Mai of the Kanem–Bornu Empire
- Reign: 14th century (2 years) c. 1366–1368
- Predecessor: Uthman I
- Successor: Abubakar Liyatu
- Died: c. 1368 Njimi, Kanem
- Dynasty: Sayfawa dynasty (Idrisid)
- Father: Idris I Nikalemi
- Mother: Famafa

= Uthman II of Kanem =

Uthman II (ʿUthmān bin Idrīs) was mai (ruler) of the Kanem–Bornu Empire in the mid-14th century, ruling approximately 1366–1368. (Note: Among the king lists (girgams) and chronicles translated in the 19th–20th centuries, Uthman II appears only in those of Barth and Urvoy, being omitted by Palmer, Nachtigal, and Landeroin. Dates used for mais vary among sources due to slight discrepancies and differing calculations. Both Barth and Urvoy assigned Uthman a reign of two years, Barth dating it to 1391–1392 and Urvoy dating it to 1369–1371. Lange (1984) dated Uthman's reign to 1379–1381, Stewart (1989) dated it to 1391–1392, and Bosworth (2012) dated it to 1366–1368.)

== Life ==
Uthman II was a son of mai Idris I Nikalemi.
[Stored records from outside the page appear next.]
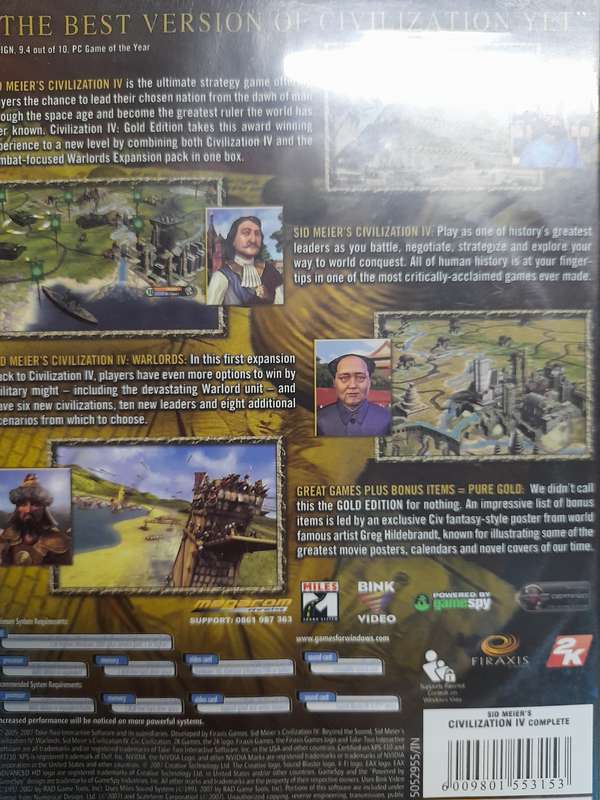 PC Games:  - Civilization IV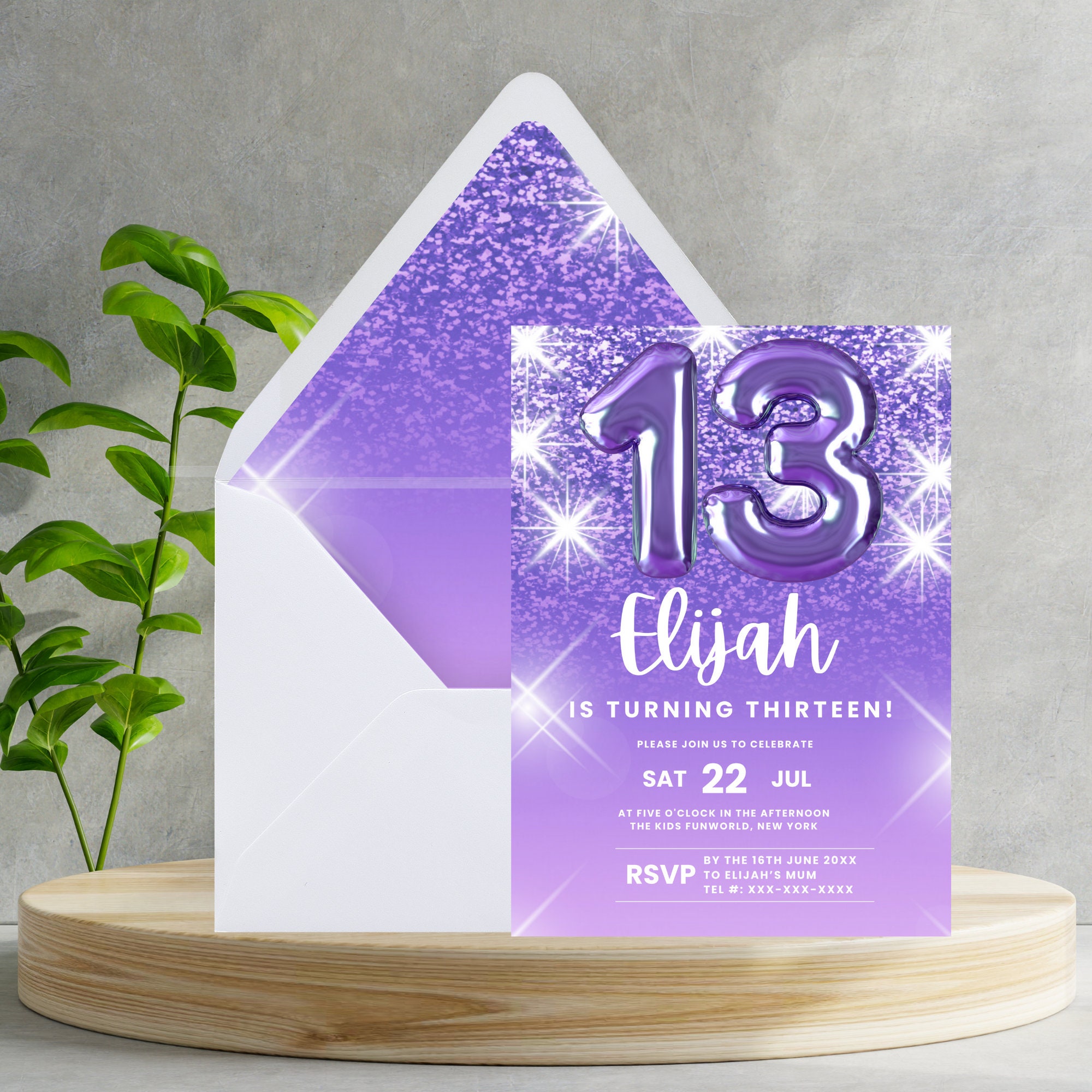 Editable 13th Birthday Invitation, Thirteenth Birthday Invite ...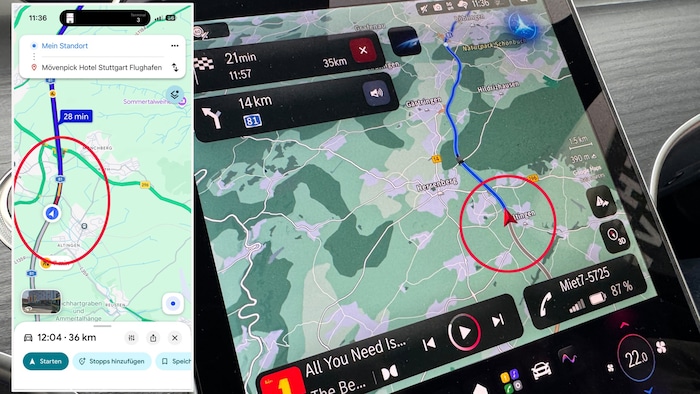 Obwohl das Navi der C-Klasse die Daten von Google Maps nutzt, wird hier während der ein Stau ...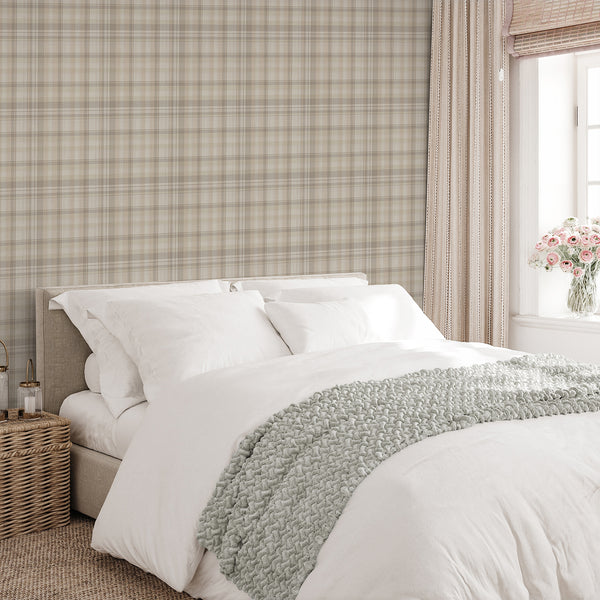 Neutral farmhouse plaid wallpaper featuring delicate gray and beige intersecting stripes, creating a cozy vintage look for living rooms and bedroom accent walls.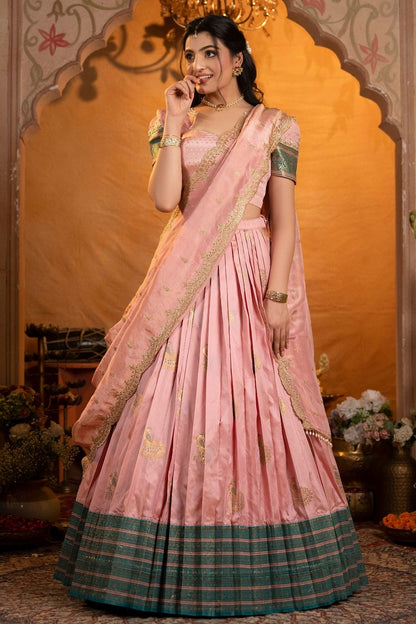 Dhiyona BN Sundarika Soft Silk Lehenga Set In Rose Pink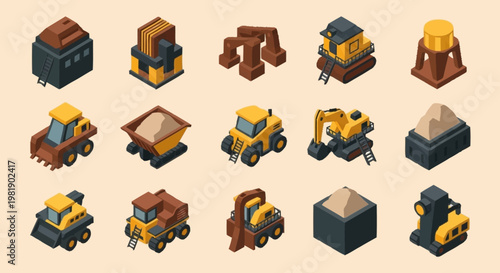 Isometric construction and mining equipment icons with sand and buildings.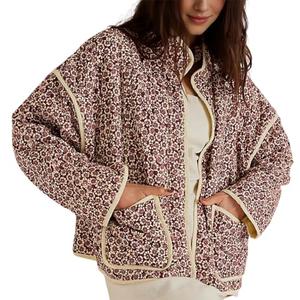 Fashion Be Yourself Women's Cropped Quilted Jacket Floral Printed LightWeight Padded Puffer Cardigan Coat Outwear(3950-09Red-S)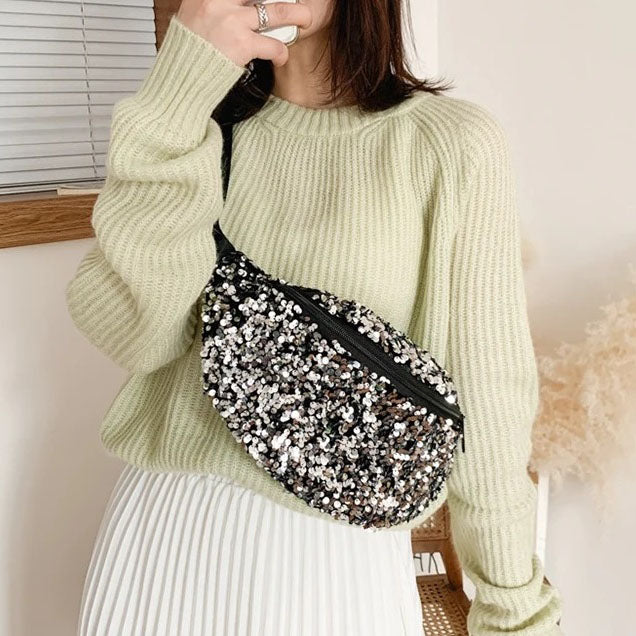 sac banane bandouliere paillette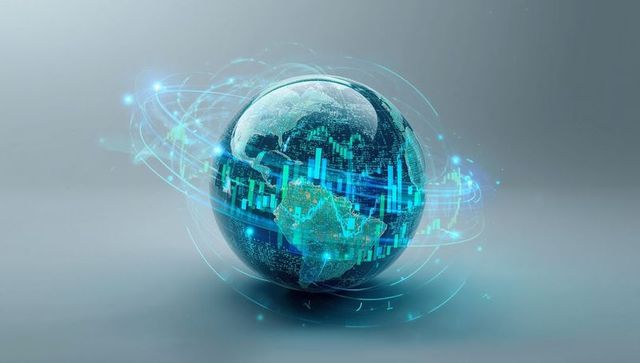 Futuristic 3d earth globe with digital data overlay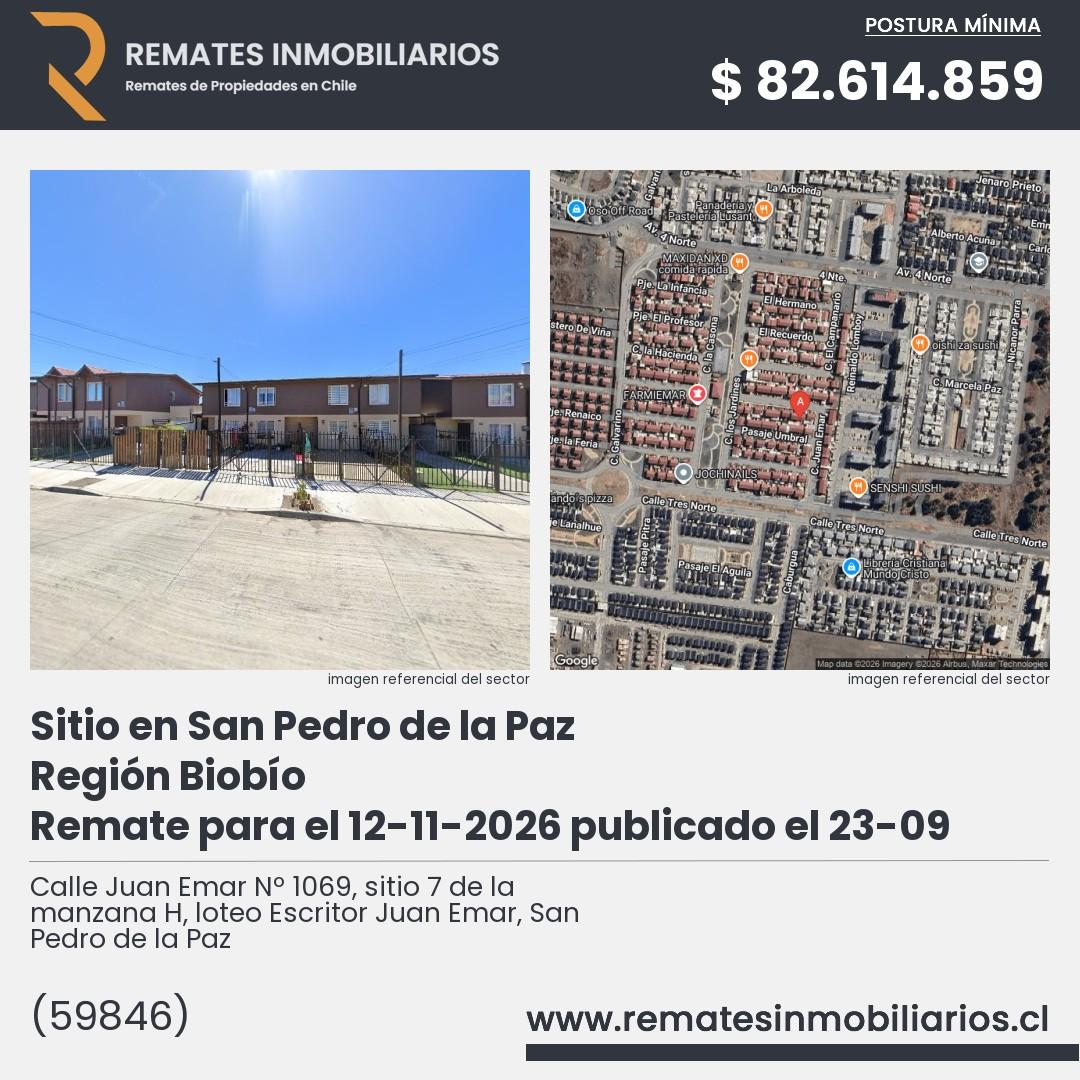Imagen ficha Calle Juan Emar Nº 1069, sitio 7 de la manzana H, loteo Escritor Juan Emar, San Pedro de la Paz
His mother was named Famafa. Uthman II became mai in the mid-14th century, succeeding his namesake cousin Uthman I. Uthman I had died in battle against the Bilala, who were invading the empire from the east. Uthman II continued the war for two years, until he met the same fate. Like his predecessor, Uthman II was defeated and killed at Njimi (the imperial capital). He was succeeded as mai by his cousin (Uthman I's brother) Abubakar Liyatu.